» **WHAT THE EXERCISE ASKS**
Pictures aside, quote the whole listing exactly.

» **INFORMATION SUPPLIED**
|---|

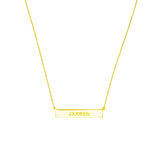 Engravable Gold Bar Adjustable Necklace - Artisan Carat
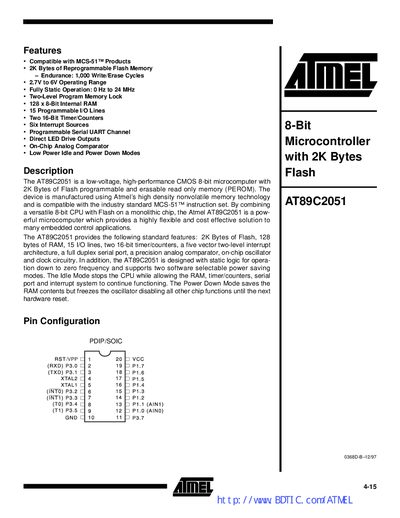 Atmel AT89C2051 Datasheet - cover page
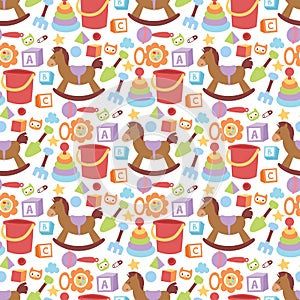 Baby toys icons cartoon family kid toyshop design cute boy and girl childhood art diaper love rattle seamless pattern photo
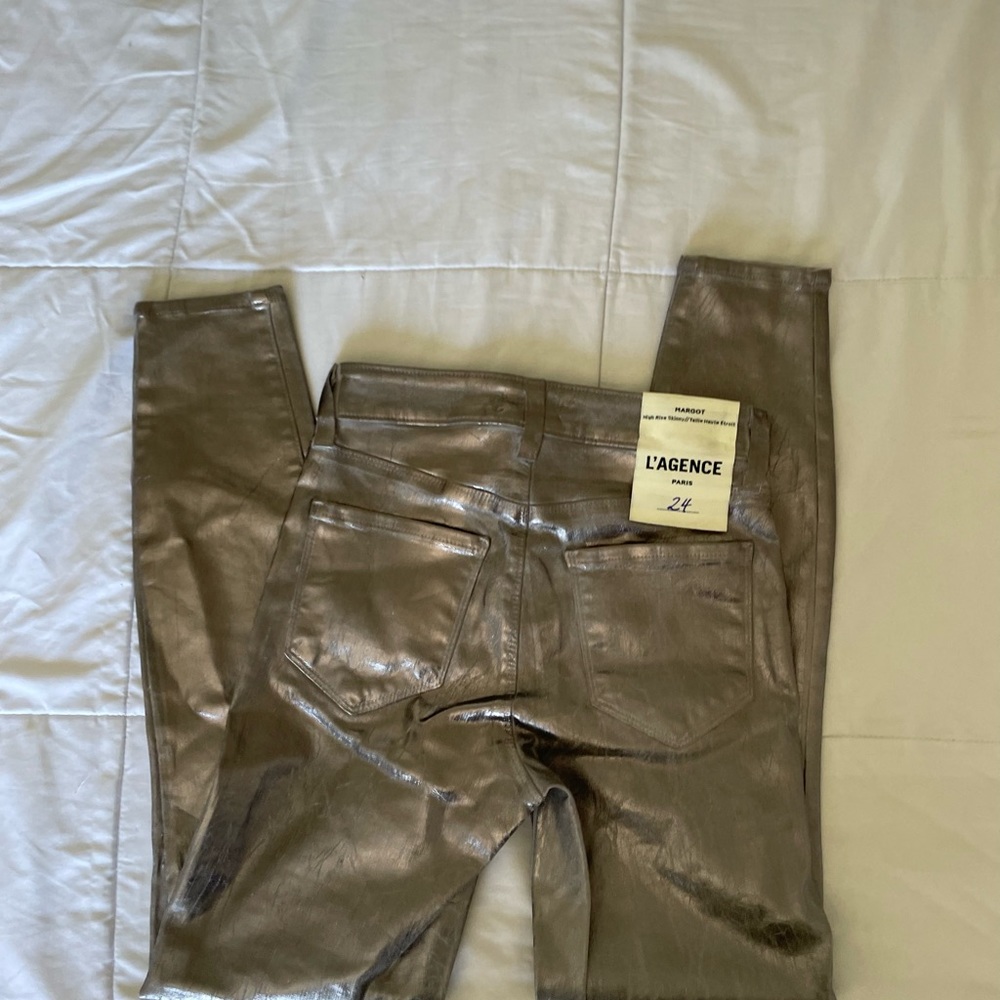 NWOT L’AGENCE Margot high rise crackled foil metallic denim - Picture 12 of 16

|---|

» **TASK RESULT**
 Engravable Gold Bar Adjustable Necklace - Artisan Carat
 Atmel AT89C2051 Datasheet - cover page
 Baby toys icons cartoon family kid toyshop design cute boy and girl childhood art diaper love rattle seamless pattern photo
 NWOT L’AGENCE Margot high rise crackled foil metallic denim - Picture 12 of 16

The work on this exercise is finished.